Passiert ist all das am 5. November 2015 – nur acht Tage vor den Angriffen von Paris. Darüber informiert haben die deutschen Behörden ihre montenegrinischen Kollegen erst am 10. November, heißt es in Podgorica. In Deutschland betrachtete man die Festnahme anscheinend als isolierten Fall von Waffenschmuggel, der in keinem Zusammenhang mit Terrorismus steht.
Ein hochrangierter montenegrinischer Politiker, dessen Name nicht veröffentlicht wurde, behauptete gegenüber der Nachrichtenagentur Mina, es sei eine böse Unterstellung, dass ein montenegrinischer Staatsbürger etwas mit den Anschlägen in Paris zu tun haben könnte. Die regierungsnahe Zeitung "Pobjeda" bezeichnete die Medienberichte aus Deutschland gar als "Propaganda", die nur den erwarteten NATO-Beitritt Montenegros verhindern solle.

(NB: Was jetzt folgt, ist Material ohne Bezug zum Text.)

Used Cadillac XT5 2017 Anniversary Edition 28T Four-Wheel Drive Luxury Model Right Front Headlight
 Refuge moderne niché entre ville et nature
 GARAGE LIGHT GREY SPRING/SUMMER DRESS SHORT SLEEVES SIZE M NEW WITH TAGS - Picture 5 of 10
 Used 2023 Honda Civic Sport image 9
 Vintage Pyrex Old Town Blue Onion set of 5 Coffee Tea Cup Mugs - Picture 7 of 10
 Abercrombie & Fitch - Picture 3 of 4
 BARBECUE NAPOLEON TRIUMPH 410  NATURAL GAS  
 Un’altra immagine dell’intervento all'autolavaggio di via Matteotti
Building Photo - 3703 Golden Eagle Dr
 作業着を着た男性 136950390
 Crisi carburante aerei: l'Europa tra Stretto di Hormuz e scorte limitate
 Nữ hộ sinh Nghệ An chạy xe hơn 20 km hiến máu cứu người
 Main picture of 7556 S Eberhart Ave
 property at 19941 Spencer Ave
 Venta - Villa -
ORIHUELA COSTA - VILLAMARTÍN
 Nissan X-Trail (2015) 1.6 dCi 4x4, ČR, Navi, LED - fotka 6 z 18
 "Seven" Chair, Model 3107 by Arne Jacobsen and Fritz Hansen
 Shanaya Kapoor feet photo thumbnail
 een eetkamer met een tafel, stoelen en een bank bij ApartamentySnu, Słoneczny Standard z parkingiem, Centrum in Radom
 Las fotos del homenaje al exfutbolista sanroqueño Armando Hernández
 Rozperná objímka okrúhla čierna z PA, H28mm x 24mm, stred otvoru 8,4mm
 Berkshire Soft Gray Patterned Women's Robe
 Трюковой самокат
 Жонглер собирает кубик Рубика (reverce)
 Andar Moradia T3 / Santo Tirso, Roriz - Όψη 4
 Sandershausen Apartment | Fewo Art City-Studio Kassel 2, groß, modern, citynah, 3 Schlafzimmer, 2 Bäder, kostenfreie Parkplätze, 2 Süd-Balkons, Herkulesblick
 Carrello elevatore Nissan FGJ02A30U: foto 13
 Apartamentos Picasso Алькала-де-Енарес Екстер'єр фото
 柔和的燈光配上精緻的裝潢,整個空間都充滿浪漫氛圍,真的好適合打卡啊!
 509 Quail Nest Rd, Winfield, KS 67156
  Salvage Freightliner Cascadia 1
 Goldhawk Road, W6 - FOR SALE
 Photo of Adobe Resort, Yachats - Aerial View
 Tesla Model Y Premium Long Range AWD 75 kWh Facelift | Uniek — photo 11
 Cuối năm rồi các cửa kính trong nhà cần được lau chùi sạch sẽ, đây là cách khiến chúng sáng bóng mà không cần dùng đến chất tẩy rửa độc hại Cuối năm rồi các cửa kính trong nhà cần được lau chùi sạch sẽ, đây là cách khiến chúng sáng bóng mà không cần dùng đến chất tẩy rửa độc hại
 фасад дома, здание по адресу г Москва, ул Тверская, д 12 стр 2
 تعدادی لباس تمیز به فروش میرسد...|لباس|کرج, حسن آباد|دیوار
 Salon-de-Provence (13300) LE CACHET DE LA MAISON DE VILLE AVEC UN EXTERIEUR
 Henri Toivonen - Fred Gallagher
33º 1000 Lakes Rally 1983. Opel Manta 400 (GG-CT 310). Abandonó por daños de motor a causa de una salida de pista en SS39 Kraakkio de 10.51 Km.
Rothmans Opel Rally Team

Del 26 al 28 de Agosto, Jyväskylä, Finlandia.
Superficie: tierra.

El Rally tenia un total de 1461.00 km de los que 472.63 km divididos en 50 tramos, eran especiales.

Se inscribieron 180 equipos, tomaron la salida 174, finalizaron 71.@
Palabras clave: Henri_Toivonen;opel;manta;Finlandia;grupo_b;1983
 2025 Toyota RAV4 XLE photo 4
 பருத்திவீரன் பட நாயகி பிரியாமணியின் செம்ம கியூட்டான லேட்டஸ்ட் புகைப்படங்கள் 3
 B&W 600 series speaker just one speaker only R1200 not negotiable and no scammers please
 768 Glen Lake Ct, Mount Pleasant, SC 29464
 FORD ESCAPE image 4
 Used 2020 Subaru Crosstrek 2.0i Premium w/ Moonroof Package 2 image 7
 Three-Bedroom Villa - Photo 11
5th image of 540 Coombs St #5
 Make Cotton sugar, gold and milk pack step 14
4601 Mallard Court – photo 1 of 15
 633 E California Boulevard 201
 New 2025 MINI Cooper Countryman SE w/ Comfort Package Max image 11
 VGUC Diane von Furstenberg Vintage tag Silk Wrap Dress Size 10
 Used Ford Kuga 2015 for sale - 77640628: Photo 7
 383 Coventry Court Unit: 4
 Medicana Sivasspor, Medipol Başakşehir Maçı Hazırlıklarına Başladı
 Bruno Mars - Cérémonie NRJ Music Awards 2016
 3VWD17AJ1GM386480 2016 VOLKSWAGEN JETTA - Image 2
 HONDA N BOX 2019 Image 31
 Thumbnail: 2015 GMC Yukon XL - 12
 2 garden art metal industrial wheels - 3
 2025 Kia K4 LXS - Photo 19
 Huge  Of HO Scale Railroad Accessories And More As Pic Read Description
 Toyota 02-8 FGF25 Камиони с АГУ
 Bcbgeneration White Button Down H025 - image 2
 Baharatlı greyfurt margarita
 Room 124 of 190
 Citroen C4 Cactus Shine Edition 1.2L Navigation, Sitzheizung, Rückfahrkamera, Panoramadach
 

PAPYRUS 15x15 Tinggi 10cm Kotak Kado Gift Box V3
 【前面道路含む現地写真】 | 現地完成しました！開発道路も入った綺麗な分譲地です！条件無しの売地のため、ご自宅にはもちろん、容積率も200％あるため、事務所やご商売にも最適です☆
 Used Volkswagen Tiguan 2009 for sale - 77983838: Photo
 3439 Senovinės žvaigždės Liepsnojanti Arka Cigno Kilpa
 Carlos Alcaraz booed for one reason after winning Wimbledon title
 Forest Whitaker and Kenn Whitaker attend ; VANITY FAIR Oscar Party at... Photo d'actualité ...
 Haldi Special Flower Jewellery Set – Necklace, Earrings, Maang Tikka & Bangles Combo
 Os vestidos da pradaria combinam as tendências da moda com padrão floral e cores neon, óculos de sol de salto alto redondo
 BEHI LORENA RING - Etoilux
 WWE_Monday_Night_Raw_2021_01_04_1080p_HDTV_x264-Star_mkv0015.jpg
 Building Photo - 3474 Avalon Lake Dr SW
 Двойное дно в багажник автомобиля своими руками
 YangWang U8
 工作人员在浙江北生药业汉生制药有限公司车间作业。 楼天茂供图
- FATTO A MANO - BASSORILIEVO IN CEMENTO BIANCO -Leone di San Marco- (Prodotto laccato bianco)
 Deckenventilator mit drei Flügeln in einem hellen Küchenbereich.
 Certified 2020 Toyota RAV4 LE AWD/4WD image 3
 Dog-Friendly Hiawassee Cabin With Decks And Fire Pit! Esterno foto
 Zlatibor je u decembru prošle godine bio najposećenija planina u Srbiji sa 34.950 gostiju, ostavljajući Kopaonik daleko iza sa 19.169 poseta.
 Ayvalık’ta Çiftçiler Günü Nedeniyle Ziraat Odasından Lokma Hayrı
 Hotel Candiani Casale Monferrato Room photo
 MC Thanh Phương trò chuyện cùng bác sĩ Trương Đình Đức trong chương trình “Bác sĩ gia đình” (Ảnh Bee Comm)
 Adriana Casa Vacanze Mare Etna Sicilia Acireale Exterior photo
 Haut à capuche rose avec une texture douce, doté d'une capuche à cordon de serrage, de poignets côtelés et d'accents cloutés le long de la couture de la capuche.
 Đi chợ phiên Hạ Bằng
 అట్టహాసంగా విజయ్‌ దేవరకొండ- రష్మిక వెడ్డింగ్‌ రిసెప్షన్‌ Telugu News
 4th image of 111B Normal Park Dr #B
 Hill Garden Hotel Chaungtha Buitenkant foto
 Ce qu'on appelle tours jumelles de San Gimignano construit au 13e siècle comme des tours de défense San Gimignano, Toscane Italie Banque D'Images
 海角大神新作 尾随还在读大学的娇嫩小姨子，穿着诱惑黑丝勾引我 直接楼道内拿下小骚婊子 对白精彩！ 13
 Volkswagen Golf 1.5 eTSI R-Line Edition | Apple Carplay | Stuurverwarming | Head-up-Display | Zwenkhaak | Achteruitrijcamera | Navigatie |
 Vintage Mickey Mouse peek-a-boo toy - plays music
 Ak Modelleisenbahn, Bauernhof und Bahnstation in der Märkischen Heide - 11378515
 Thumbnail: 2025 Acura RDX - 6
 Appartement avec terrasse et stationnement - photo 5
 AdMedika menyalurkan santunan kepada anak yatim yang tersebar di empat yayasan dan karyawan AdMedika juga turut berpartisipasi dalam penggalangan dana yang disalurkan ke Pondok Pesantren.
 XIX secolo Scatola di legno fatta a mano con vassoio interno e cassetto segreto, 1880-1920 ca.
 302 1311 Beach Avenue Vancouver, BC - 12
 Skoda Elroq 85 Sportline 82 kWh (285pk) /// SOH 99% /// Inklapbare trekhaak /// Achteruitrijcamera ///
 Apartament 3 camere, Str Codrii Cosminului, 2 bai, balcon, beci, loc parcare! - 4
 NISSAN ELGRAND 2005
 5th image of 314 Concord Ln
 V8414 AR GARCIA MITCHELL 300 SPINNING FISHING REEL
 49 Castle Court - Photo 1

Aus prekären Verhältnissen
Die montenegrinische Polizei beeilte sich zu veröffentlichen, dass Vlatko. V. ihr bislang nicht aufgefallen ist – und vor allem, dass er kein Muslim, sondern orthodoxer Christ ist. Zoran Miljanić macht das wütend. "Es ist völlig unklar, wie die montenegrinische Polizei so schnell einen Zusammenhang zwischen dem Mann und den Attacken von Paris ausschließen konnte", sagte der Vorsitzende des parlamentarischen Ausschusses für Sicherheit der DW. "Auch die Bemerkung, der Mann sei orthodox, macht gar keinen Sinn", erklärt der montenegrinische Politiker. Menschen aller Religionen könnten in terroristische Aktivitäten und ihre Logistik verwickelt sein.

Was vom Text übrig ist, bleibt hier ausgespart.